Cyclophilin B Expression and Regulation in Breast Cancer
Cyclophilin B (CypB) is both a transcriptional activator of signal transducer and activator of transcription 5 (Stat5)-mediated gene expression and a ligand for the cell surface receptor CD147, which regulates downstream mitogen activated protein kinase (MAPK) activation, motility, calcium transport, and the expression of the pro-apoptotic protein Bim. Fang et al (Am J Pathol 2009, 174:297–308) explored the role of CypB in the regulation of breast cancer by inhibiting CypB expression in the breast cancer cell line T47D. Microarray data showed that CypB knockdown had far-reaching effects, impacting 27 different protein networks. Many gene products regulated by CypB contribute to cell proliferation, cell motility, and tumorigenesis.

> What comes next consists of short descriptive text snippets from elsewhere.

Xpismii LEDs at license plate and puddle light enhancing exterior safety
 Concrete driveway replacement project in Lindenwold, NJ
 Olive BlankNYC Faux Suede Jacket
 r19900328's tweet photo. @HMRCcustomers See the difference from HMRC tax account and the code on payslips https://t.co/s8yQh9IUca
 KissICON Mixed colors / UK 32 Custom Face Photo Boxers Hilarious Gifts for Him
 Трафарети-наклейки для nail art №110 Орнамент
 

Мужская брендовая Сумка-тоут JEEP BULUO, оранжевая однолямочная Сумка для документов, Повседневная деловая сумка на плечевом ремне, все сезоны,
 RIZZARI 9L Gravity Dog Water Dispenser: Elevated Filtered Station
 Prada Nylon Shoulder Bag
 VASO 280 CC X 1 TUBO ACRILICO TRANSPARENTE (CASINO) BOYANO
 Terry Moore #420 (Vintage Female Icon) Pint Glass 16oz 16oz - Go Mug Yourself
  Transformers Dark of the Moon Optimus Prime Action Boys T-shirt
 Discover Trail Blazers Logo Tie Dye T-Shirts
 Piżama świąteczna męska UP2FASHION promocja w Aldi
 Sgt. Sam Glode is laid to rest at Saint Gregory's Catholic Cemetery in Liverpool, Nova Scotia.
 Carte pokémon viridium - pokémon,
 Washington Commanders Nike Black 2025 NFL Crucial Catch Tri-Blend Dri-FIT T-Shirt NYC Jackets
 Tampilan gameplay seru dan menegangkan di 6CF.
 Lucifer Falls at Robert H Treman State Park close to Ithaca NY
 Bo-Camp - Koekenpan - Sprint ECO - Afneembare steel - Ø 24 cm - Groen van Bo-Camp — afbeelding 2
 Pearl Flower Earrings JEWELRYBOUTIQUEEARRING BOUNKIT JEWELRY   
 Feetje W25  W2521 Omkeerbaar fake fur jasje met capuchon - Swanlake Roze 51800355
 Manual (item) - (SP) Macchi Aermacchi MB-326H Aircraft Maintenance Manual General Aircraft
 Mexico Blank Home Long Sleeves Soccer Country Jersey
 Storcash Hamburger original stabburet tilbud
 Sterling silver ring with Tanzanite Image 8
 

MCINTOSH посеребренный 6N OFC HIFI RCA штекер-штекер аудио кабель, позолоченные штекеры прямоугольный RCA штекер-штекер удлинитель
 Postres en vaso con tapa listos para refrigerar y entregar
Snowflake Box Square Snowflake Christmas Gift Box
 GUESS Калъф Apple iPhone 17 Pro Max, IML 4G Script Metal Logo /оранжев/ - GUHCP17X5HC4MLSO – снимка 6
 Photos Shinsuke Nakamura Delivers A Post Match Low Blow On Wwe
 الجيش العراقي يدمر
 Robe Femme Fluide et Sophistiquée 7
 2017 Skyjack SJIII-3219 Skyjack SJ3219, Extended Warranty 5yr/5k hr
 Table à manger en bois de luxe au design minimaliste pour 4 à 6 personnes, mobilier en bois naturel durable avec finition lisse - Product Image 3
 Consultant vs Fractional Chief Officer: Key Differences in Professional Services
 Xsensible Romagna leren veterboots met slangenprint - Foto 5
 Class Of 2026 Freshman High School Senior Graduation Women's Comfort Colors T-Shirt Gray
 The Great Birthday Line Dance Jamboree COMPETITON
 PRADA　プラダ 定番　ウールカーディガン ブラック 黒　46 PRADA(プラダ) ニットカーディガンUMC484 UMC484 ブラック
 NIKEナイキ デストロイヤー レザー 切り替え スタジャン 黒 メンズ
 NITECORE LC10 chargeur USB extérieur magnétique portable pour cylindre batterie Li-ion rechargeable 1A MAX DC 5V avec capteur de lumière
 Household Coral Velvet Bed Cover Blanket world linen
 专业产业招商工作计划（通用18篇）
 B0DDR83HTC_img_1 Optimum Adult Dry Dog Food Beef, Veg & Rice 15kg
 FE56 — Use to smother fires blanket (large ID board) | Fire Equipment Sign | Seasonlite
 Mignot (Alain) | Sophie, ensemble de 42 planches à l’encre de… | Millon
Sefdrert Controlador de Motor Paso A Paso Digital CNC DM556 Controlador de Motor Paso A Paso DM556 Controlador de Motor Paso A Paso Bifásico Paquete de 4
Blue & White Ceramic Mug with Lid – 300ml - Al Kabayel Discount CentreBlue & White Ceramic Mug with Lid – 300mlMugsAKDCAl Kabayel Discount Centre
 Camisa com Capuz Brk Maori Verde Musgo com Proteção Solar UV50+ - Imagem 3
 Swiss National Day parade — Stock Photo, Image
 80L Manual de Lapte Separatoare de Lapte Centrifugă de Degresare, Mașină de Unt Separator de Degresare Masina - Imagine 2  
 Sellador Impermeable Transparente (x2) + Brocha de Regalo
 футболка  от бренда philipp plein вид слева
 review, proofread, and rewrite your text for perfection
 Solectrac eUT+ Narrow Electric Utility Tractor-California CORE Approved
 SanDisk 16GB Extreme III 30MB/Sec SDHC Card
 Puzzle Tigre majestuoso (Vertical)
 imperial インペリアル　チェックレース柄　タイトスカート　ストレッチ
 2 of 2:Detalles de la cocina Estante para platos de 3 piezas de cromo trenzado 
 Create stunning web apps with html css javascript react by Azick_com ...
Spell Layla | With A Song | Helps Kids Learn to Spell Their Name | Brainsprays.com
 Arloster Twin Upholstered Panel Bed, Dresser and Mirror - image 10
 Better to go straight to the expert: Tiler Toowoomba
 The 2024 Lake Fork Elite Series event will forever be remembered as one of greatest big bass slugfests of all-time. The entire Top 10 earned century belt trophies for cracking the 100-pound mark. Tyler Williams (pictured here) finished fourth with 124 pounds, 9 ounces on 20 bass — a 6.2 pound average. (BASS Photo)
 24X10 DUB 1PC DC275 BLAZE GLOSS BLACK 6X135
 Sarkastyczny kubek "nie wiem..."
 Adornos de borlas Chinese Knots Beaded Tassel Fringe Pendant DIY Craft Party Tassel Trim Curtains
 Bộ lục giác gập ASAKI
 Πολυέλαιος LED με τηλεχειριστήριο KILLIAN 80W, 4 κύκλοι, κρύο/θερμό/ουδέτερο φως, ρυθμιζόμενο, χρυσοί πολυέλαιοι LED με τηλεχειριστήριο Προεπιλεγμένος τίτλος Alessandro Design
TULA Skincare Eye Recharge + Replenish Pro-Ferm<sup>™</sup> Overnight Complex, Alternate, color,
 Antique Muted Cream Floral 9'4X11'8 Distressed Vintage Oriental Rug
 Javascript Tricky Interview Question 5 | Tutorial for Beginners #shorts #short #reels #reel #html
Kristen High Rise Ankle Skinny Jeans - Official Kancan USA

Consistent with these data, CypB knockdown also decreased T47D cell growth, proliferation, and motility. In a breast tissue microarray, increases in CypB protein levels correlated with the presence of breast cancer metastases. Therefore, CypB gene regulation may contribute to the progression of breast cancer.
Inflammation-Associated Colon Cancer
Bacteria contribute to the development of certain cancers, in some measure, by stimulating chronic inflammation. Absence of the signaling molecule Smad3, which is activated in response to the inhibitory cytokine transforming growth factor (TGF-β), may therefore increase susceptibility to colon cancer. To examine whether lymphocyte TGF-β signaling contributes to development of colon cancer, Maggio-Price et al (Am J Pathol 2009, 174: 317–329) examined Smad3- and Rag2-deficient mice, which lack both adaptive immune responses and normal TGF-β signaling. They found that these mice are acutely sensitive to bacterially-induced inflammation and cancer attributable to both deficient T-regulatory cell function and increased expression of proinflammatory cytokines. Through increased expression of both pro-oncogenic and anti-apoptotic proteins, the epithelial cells in colonic tissues underwent enhanced proliferation and survival. These data suggest that the inflammatory response to microorganisms, as controlled by T-regulatory cells, plays a key role in the pathogenesis of colon cancer.